Smartphone boom drives up Gartner spending forecast
Analyst hoists prediction for worldwide spending on devices in 2013
A surge in spending on premium mobile phones has driven Gartner to increase its predicted annual growth for the worldwide devices market this year from 6.3 per cent to 7.9 per cent.
By the end of 2013, Gartner expects the worldwide devices market – which includes PCs, tablets, mobile phones, tablets and printers – to reach $718bn (£474bn), up 7.9 from 2012.
The boom in mobile spending is set to be so high that it will offset both the flat sales on PCs and a decline in printer spending, the analyst said in its Worldwide IT Spending Forecast 1Q13 Update.
John Lovelock, Garther's research vice president, said the move to mobile is just one of many trends affecting IT spending.
"Consumers and enterprises will continue to purchase a mix of IT products and services; nothing is going away completely," he said.
"However, the ratio of this mix is changing dramatically and there are clear winners and losers over the next three to five years. We see more of a transition from PCs to mobile phones, from servers to storage, from licensed software to cloud, or the shift in voice and data connections from fixed to mobile."
The devices market is expected to be the segment with the highest spend in Gartner's whole forecast, which also looks into the amount spent on datacentre systems, enterprise software, IT services and telecoms services.
Gartner reckons each of the sectors will experience spending growth this year, with datacentre systems sales set to jump 3.7 per cent to $146bn – a forecast which was downgraded by 0.7 per cent compared to the previous prediction.
The analyst claims the drop was down to spending cuts on external storage and the "economically troubled" EMEA region.

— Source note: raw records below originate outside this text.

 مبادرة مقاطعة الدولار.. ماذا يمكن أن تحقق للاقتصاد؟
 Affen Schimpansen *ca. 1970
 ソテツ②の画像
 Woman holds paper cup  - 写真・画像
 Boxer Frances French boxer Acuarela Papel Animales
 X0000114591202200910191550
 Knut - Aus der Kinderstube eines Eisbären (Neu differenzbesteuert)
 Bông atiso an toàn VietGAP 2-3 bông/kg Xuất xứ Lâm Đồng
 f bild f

Spending across IT services and global telecoms services are set to remain flat due to what Gartner describes as a combination of buyer hesitation and increasing cost pressures.
Worldwide IT spending is projected to total $3.8tn in 2013, up 4.1 per cent annually, according to the firm, which claims that Cyprus' recent debt burden has cancelled out the US narrowly averting the fiscal cliff.

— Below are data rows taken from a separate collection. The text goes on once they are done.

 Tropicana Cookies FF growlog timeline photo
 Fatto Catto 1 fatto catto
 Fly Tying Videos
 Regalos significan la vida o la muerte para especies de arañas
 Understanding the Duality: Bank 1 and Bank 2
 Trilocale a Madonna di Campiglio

Despite the mixed bag for the economy, Richard Gordon, managing vice president at Gartner, said IT spending will not be stunted.
"The fragile business and consumer sentiment throughout much of the world continues. However, the new shocks are expected to be short lived, and while they may cause some pauses in discretionary spending along the way, strategic IT initiatives will continue," he added.